The church I originally attended when I moved to South Carolina was begun in 1821 to minister to Irish canal workers who had come to Columbia to work on the canal.
I doubt somebody experiencing the worst aspects of compulsory servitude would describe themselves as anything but a slave. Intellectual debate over many issues leads to conclusions which are inevitably generalisations (a generalisation itself) and classifications. Intellectual debate also deviates from the lived human experience in question.

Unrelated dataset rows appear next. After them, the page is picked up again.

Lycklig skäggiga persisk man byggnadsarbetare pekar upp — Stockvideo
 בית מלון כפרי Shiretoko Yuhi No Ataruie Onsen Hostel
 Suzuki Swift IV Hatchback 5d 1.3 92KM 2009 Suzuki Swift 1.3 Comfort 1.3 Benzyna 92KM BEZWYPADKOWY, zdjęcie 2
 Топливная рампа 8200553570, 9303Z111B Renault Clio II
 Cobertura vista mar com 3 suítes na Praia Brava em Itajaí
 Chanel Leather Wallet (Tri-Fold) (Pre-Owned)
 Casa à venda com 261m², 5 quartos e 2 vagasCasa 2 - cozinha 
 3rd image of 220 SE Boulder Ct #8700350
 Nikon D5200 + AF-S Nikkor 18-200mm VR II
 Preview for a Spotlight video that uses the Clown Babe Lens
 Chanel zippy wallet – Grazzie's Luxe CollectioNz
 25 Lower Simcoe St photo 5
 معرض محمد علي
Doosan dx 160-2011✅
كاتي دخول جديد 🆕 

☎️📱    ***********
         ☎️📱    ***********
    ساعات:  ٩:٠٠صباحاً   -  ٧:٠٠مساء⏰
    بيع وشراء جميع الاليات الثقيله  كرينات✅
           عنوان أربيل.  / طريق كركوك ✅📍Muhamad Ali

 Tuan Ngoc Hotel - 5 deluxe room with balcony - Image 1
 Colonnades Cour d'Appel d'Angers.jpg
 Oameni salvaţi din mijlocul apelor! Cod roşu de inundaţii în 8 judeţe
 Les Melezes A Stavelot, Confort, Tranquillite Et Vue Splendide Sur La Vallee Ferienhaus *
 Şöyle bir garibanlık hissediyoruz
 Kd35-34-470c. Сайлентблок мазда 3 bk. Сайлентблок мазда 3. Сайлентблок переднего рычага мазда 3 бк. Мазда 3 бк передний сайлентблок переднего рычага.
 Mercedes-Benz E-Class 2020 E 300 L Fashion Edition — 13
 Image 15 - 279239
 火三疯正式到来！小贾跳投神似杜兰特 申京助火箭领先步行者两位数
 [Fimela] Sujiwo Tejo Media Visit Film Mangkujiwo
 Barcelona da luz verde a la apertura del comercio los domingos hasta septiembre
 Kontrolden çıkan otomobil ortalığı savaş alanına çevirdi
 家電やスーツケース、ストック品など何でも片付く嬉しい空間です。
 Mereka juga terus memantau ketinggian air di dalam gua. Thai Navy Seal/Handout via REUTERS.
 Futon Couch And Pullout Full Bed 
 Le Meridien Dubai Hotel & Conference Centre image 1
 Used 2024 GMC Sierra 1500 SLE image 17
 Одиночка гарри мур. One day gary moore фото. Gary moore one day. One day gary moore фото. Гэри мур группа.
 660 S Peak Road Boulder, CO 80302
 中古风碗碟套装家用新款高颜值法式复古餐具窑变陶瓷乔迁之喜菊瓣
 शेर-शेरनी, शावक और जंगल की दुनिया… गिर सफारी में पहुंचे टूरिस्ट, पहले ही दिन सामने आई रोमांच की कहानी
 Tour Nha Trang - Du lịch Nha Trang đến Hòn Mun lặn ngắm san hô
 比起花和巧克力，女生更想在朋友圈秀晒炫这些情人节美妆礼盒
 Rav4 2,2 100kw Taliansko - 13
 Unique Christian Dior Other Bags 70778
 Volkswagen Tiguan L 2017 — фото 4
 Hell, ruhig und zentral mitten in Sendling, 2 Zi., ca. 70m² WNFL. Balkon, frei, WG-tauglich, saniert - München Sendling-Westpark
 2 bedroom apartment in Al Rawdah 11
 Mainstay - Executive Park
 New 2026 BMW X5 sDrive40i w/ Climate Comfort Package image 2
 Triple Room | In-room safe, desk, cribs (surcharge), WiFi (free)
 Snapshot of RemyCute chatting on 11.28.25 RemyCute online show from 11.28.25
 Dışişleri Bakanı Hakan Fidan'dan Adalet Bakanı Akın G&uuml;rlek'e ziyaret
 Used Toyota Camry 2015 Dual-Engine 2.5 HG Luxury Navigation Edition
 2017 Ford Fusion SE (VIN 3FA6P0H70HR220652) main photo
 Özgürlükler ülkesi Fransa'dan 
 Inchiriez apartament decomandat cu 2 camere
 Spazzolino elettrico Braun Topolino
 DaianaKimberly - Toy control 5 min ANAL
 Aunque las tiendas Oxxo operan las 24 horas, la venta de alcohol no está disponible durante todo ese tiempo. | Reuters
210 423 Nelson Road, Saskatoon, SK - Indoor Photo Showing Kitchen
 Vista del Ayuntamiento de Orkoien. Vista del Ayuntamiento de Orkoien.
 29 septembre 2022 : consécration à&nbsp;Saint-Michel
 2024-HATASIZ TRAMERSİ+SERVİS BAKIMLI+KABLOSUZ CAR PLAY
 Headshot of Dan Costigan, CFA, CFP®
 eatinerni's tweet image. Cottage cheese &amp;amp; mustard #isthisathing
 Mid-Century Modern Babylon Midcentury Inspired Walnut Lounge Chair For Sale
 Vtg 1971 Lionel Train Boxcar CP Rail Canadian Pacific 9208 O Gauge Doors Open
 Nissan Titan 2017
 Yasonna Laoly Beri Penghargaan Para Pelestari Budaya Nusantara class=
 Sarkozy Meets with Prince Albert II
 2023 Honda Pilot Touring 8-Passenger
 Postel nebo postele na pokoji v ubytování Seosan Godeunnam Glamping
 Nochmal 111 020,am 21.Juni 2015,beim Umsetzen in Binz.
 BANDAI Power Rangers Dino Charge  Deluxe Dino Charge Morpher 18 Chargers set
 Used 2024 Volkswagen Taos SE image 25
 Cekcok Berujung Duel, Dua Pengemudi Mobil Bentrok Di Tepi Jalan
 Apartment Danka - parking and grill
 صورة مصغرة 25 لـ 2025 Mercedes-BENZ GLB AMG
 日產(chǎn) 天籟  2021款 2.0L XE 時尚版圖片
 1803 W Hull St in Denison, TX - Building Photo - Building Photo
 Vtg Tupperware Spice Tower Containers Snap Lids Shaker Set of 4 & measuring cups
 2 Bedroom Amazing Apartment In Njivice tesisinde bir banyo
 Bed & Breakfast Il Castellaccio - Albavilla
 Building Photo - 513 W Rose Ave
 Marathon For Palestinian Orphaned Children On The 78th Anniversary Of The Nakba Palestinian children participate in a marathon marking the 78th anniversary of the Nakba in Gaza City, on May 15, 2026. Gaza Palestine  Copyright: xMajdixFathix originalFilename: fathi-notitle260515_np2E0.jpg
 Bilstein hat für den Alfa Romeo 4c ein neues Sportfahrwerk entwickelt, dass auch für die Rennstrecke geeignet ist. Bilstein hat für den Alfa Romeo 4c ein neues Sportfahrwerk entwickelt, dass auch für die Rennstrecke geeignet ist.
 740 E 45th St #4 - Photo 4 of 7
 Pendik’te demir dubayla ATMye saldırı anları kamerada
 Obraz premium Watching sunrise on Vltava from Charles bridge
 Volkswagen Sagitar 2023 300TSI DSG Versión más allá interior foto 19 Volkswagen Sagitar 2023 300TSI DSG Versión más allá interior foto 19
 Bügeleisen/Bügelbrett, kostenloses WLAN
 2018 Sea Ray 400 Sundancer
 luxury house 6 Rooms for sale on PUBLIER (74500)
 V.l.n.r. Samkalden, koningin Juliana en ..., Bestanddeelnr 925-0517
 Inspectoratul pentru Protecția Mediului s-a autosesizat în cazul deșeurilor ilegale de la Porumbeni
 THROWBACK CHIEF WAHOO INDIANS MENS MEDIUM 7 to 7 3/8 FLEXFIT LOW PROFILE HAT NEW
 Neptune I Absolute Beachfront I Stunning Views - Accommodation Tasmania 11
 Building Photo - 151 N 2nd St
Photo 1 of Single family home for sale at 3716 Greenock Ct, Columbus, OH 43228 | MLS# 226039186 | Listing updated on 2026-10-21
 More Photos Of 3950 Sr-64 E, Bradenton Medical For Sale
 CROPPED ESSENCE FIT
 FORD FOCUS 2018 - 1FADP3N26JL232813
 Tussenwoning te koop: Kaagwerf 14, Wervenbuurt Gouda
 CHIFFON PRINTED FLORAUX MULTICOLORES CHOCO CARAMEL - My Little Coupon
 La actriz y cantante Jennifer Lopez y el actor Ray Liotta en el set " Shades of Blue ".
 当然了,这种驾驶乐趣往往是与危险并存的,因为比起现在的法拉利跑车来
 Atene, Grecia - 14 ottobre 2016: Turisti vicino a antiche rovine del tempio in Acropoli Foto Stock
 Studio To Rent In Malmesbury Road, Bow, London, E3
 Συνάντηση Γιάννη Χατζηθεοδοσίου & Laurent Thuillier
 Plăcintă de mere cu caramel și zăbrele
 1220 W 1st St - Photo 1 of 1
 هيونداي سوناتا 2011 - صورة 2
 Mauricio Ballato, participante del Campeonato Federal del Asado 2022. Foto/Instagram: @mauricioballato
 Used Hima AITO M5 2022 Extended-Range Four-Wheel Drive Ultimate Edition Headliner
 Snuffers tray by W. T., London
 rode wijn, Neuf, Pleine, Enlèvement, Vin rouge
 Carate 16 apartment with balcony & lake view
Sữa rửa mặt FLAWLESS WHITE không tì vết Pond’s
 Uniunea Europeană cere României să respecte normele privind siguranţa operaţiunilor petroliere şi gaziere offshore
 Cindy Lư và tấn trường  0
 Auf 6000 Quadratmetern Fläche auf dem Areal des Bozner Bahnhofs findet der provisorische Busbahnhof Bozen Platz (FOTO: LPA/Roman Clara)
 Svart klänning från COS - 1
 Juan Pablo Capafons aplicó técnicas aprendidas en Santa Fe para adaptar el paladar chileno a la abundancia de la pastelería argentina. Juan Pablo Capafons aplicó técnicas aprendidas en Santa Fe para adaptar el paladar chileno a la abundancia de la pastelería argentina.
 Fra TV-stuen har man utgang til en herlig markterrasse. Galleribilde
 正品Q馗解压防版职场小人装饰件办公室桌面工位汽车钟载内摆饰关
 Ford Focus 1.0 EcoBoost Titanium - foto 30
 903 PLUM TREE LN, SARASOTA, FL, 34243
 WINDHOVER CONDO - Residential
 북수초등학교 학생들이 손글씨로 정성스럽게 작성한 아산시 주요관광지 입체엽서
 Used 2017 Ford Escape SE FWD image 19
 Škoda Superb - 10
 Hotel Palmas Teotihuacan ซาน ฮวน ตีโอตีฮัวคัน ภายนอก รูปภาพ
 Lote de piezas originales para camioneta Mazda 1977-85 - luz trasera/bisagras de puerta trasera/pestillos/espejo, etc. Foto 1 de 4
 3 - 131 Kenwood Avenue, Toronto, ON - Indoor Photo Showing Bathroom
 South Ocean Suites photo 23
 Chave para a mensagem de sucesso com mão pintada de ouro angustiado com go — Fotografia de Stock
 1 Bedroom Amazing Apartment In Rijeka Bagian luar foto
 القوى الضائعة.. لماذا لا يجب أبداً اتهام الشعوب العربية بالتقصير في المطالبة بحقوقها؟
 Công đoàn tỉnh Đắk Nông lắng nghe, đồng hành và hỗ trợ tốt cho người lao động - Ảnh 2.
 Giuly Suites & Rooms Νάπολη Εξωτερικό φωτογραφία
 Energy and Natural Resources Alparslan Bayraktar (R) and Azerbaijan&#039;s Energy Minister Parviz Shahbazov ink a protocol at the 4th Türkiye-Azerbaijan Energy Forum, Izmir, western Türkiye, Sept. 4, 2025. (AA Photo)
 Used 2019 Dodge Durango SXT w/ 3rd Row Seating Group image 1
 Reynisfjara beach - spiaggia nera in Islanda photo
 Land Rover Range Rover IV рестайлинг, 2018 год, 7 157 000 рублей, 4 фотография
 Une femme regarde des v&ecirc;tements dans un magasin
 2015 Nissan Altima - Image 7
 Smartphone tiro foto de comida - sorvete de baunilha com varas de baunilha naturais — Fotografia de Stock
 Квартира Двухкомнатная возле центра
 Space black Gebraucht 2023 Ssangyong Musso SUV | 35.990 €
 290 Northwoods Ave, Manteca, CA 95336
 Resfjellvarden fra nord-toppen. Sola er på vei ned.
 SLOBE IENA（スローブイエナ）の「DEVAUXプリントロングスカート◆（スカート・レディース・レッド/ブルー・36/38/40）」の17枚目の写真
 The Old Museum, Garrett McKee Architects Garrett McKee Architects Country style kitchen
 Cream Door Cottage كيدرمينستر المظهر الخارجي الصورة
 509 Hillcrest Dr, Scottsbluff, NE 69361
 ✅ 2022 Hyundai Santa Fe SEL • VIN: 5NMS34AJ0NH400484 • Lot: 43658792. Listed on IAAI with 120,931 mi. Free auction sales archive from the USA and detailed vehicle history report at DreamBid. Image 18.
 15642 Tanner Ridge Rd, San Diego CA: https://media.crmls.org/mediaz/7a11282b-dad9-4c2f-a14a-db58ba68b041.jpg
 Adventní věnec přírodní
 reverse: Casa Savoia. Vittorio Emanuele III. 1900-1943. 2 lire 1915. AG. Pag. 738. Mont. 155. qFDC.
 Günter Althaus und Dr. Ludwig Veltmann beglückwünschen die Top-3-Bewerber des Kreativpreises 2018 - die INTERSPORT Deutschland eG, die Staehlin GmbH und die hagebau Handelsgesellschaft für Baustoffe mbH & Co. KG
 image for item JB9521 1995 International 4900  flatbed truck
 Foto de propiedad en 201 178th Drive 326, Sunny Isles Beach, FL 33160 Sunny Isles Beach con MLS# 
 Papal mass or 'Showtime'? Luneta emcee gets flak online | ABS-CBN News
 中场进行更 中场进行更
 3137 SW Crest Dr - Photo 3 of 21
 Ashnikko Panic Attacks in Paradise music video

yes, the majority of irish reduced to servitude were bonded servants but accordingto acedemic artilce i read when at the university of toronto there were 10 to 12 thousand irish sold directly into slavery,these records still exist. mostly sold to the carribbean, and a few thousand scots gaels after the 45. this was true slavery. the laws of the planter states in the caribean confirm this as they had to struggle with the category of slavery candidates. the early laws said only non christians could be slaves. then they were amended on most islands to classify catholics as non christians. the writers of the time acknowledged that this was to allow for the irish catholic slaves. most were bonded, which was also a terriblecrime against humanity, but there were actual slaves. there are a few references to irish slaes in america as well.
thank you for this.
It’s something I wanted to tackle for a good while. The Gerry Adams gaffe and the subsequent doubling-down on the Irish slaves’ nonsense by SF supporters seemed a good time to write something up.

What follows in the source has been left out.